With all the bread action presently taking place in my kitchen, I haven’t blogged about running in a little while. So, here is a post about running.
Race day #1 is just around the corner, and I’ve been back at ‘er for about a month now. The most exciting thing about my running game right now is that I can feel myself improving a lot from one week to the next. It’s incredibly encouraging.
Have I improved enough to tackle the 21k race this weekend? I think so. Here’s a little case study called Last Week’s Run vs. This Week’s Run.
Last Week’s Run vs. This Week’s Run
A Case Study
Last Thursday, I decided to run the 15k route for the Loop the Lakes Race. (There’s a 8k, a 15k, and a 21k route.) The 15k is essentially the same route as the 21k, except the 21k has an extra loop of the Four Lakes loop in Alice Lake Provincial Park. I ran the race course out of sequence, and adding on the extra distance from my house to the trails (and back), it came out to about 18k.
It was a humbling run. On my RunKeeper app, I rated it a : ( because I felt so completely exhausted by the end. I felt like I stumbled my way through the last third of the run (which, in my re-jigged order, was the most technical part of the course). I felt a little nervous about the idea of running the 21k.
Yesterday, I ran the exact same course 21 minutes faster. Hallelujah! Not only did that feel like a big win, but I felt solid enough to picture myself continuing for another loop of the Four Lakes Trail. Woohoo – a confidence boost!
Here’s what changed that was out of my control: the weather. Last Thursday was HOT – like, 25 degrees. It was also quite humid, especially for the first half of the run. It felt like I was running through a jungle and my energy was quickly zapped. Yesterday’s run was dream running weather: 15 degrees and partly cloudy.
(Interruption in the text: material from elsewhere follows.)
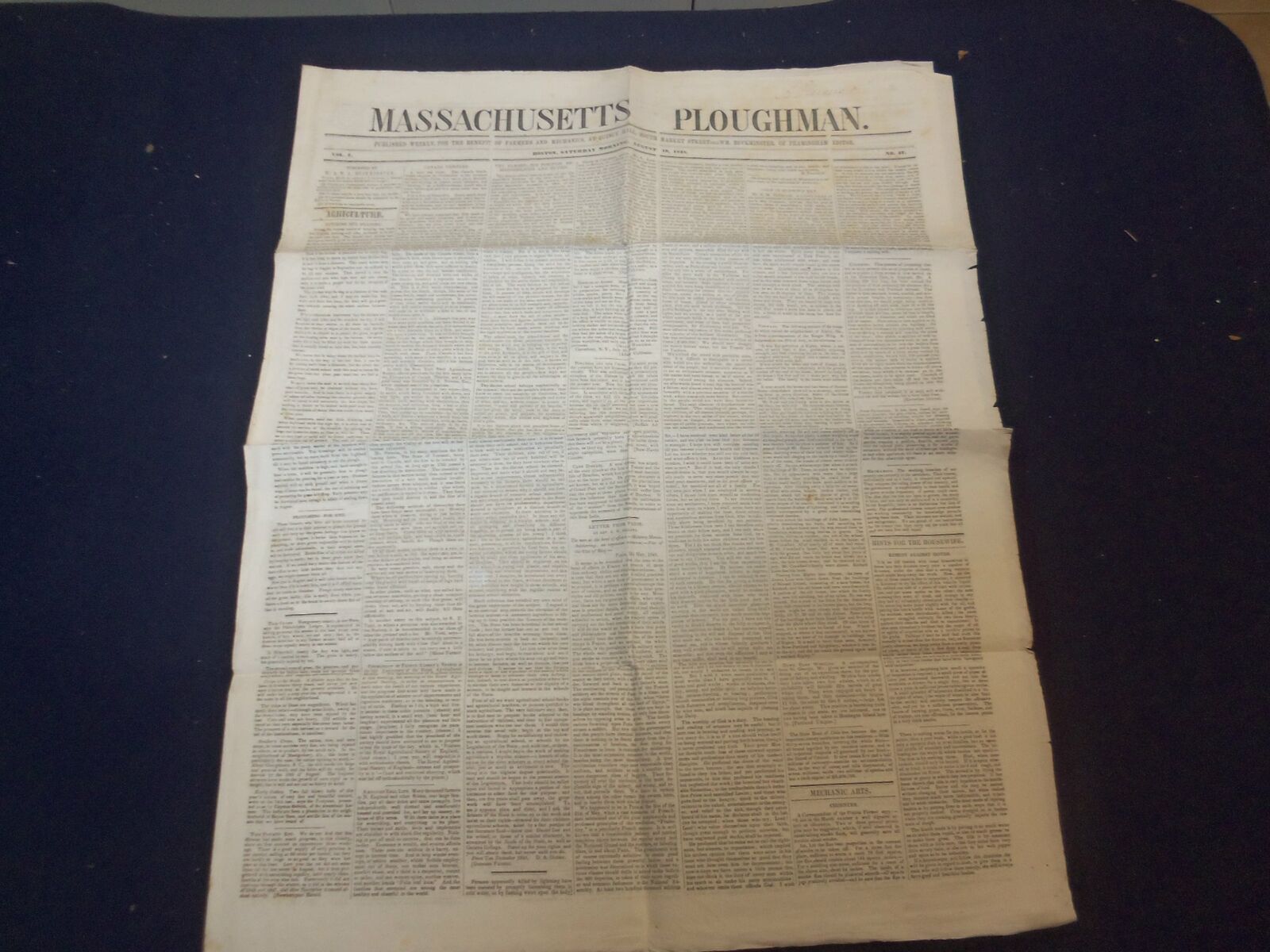 1848 AUGUST 19 MASSACHUSETTS PLOUGHMAN NEWSPAPER - OREGON BILL - NP 5153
It was pretty windy, but the trails are sheltered so I didn’t feel it at all.
Here’s what changed that was within my control: my hills strategy, fueling, my familiarity with the course, and my mental game.
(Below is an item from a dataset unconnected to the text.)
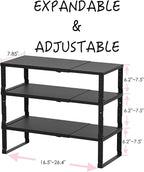 Adjustable Metal Shelving Unit, Stackable & Expendable Storage Rack for Home/Office/Kitchen, Space-Saving，Sturdy&Durable，Easy Assembly (3PACKS/Medium/Black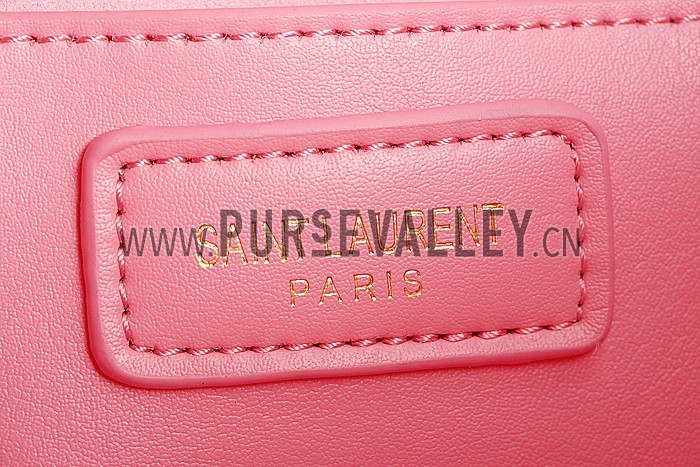 Saint Laurent Medium Fringed Suede Leather Satchel Pink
On last week’s run, I tried running (slowly) up the hills on the course. The hills aren’t terribly daunting, but running them consumed a lot of my energy. I realized the seconds I saved by running the hills earlier on were more than negated by my snail pace later on in the run. So on yesterday’s run, I decided I was going to walk almost every incline. It worked. Getting stronger at uphills is definitely something I need to work on, but right now, my challenge is tackling the 21k distance.
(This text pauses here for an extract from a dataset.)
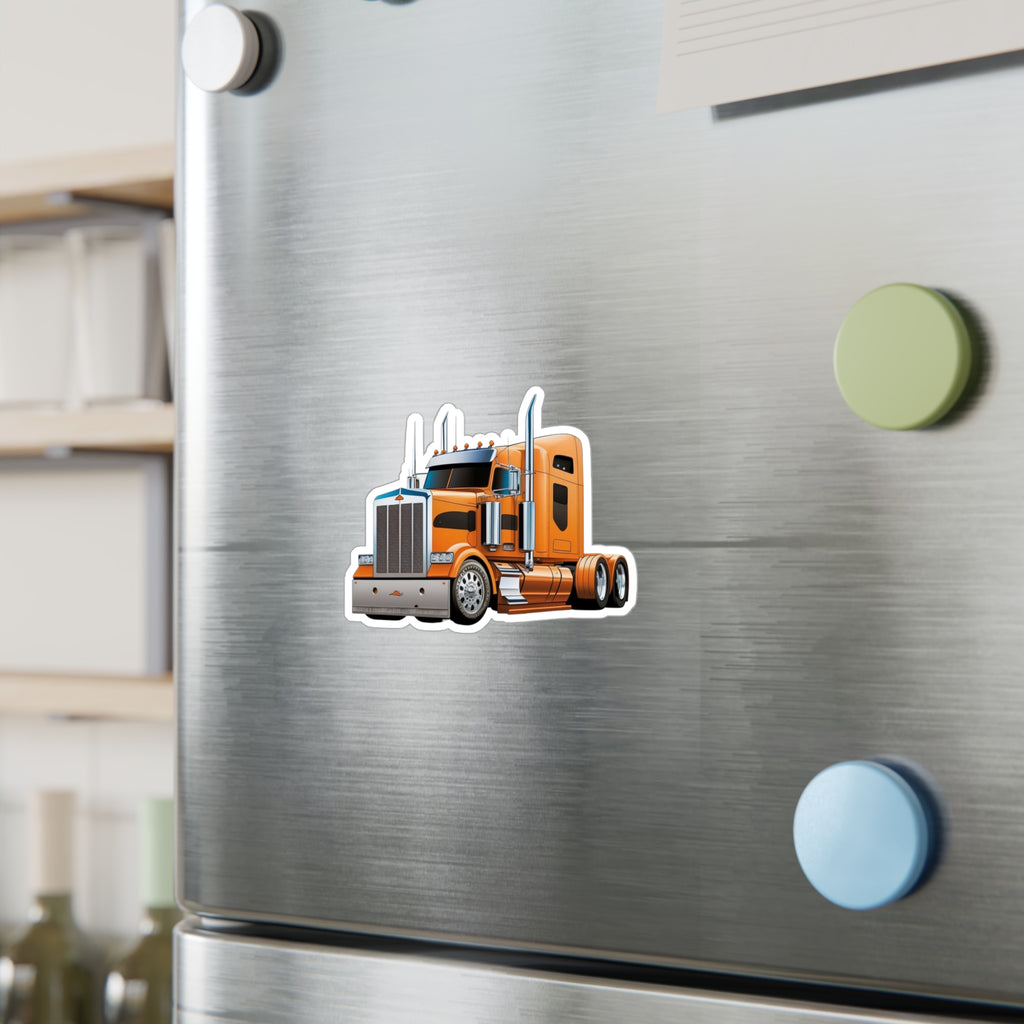 Orange Semi Truck Vinyl Decal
As for fueling, I had a eureka moment: Gatorade. I kind of forgot that I used to drink Gatorade on my runs. Yesterday, I took water and Gatorade with me. It definitely added some pep to my step. If you’ve ever seen me run, you know that I sweat more than the average human. Bring on the electrolytes – I need ’em.
Knowing the course a bit better meant less time pulling out my phone and consulting the TrailForks app. It also helped me divide the course into “chapters”, which is one of my favourite mental running strategies. When I run longer distances, I find I become overwhelmed knowing how much is ahead of me (“Oh god, this is only kilometer four – sure, I feel fine now, but I’ll be DYING later on. There’s still so much to go!”) To combat this, I divide the run into chapters – bite-sized segments that I can focus on one at a time, which makes the whole thing seem so much more manageable. For example, on this trail, my chapters were: getting to Jack’s; Jack’s; the Four Lakes Loop; Mike’s Loop; Entrails; Roller Coaster (my favourite); Lumberjack; and getting home. If I focus on just whatever chapter I’m in, I find it so much easier.
Finally, I knew I had to change my inner voice. On my last run, I filled my head with all the worst kind of thoughts – “This run is terrible!” “It’s SO HOT!” “I’m going to slow anyone who runs with me down!” (extra silly because I was running alone) “I’m going to die if I have to run 21k” etc. I couldn’t stop picturing the race, how much more difficult it was going to be, how unprepared I was, yadda yadda yadda. THIS is exactly why I like running with other people – instead of obsessing over everything unproductive, time is filled chatting, learning about one another, and listening to funny stories. On yesterday’s run, I made a point to NOT think about the race. I thought about work projects, I enjoyed the sights, I thought about how I like living in Squamish, I contemplated the latest book club book – you get the idea. Running is so much more fun when you’re not thinking about running.
Oooh – look at the pace scale!
I guess I should start my taper now, so I’ll probably go on a few short runs between now and Saturday and throw in some hot yoga and a bike ride (not the cool kind of bike ride). Wish me luck.